EXERCISE DESCRIPTION:
From the listing below, set down exactly each line beginning with the one containing "BEAUTIFLY Hiusharja CurlSpin" and ending with the last.

START PROVIDED RECORDS

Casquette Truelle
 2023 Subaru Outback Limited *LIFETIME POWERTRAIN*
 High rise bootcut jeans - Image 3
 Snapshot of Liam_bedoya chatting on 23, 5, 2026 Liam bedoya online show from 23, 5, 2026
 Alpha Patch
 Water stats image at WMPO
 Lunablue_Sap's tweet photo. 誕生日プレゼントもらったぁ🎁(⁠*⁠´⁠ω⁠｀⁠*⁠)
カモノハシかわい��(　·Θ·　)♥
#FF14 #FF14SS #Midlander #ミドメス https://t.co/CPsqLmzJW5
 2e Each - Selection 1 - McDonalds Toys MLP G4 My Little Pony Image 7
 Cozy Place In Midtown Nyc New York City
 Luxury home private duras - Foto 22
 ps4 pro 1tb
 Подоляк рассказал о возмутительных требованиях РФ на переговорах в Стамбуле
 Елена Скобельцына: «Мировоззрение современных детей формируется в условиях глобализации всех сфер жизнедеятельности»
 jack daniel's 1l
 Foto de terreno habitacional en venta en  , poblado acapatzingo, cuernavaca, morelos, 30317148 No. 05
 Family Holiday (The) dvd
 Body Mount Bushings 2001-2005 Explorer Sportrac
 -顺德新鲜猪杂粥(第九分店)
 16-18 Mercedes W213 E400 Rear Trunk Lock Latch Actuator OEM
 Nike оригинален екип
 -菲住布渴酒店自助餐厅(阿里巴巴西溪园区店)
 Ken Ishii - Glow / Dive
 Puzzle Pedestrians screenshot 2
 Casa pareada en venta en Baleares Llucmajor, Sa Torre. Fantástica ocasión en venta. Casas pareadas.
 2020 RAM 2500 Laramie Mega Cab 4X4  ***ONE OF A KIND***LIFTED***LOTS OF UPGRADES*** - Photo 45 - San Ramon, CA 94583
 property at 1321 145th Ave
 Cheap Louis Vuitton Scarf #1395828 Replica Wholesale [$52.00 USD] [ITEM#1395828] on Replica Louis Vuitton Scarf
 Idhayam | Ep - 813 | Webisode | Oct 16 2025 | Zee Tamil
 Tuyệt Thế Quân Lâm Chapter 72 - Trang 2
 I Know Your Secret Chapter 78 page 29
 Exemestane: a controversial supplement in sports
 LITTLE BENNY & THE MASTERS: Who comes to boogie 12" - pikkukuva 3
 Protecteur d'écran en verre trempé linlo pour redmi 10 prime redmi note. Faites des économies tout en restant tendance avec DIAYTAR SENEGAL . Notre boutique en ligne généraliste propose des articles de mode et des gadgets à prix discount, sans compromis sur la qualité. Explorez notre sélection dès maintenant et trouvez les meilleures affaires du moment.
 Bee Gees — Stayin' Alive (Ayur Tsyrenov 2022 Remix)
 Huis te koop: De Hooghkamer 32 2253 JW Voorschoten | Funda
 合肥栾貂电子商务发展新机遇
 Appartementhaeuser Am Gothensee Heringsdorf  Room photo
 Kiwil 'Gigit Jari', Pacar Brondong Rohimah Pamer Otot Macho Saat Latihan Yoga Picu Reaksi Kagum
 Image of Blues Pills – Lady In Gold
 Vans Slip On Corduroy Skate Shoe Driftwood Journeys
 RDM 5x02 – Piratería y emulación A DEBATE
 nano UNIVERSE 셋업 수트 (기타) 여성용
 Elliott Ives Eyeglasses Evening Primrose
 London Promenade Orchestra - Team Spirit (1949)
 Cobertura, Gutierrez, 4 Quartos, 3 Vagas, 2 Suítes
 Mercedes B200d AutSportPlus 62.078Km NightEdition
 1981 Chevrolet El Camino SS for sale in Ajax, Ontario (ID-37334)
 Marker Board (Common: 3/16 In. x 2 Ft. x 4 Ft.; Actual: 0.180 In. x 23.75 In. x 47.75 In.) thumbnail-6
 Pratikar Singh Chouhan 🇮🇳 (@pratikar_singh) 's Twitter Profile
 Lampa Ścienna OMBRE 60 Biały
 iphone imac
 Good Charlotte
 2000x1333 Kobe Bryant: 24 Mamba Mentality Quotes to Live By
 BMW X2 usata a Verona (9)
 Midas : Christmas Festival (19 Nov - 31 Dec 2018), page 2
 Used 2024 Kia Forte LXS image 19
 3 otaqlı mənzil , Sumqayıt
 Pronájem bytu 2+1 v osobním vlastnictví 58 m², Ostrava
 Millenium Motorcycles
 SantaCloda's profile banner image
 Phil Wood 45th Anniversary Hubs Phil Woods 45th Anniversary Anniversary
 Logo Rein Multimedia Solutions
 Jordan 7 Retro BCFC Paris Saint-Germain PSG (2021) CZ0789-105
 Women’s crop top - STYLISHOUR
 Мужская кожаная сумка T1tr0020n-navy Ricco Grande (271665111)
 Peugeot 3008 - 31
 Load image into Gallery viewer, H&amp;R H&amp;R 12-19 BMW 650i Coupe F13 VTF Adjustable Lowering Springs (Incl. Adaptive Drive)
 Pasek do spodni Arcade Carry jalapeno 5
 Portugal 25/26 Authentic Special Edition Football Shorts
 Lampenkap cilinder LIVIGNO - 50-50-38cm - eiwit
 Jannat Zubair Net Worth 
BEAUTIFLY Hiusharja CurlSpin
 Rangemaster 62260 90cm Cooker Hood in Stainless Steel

END PROVIDED RECORDS

SOLVED PROBLEM:
BEAUTIFLY Hiusharja CurlSpin
 Rangemaster 62260 90cm Cooker Hood in Stainless Steel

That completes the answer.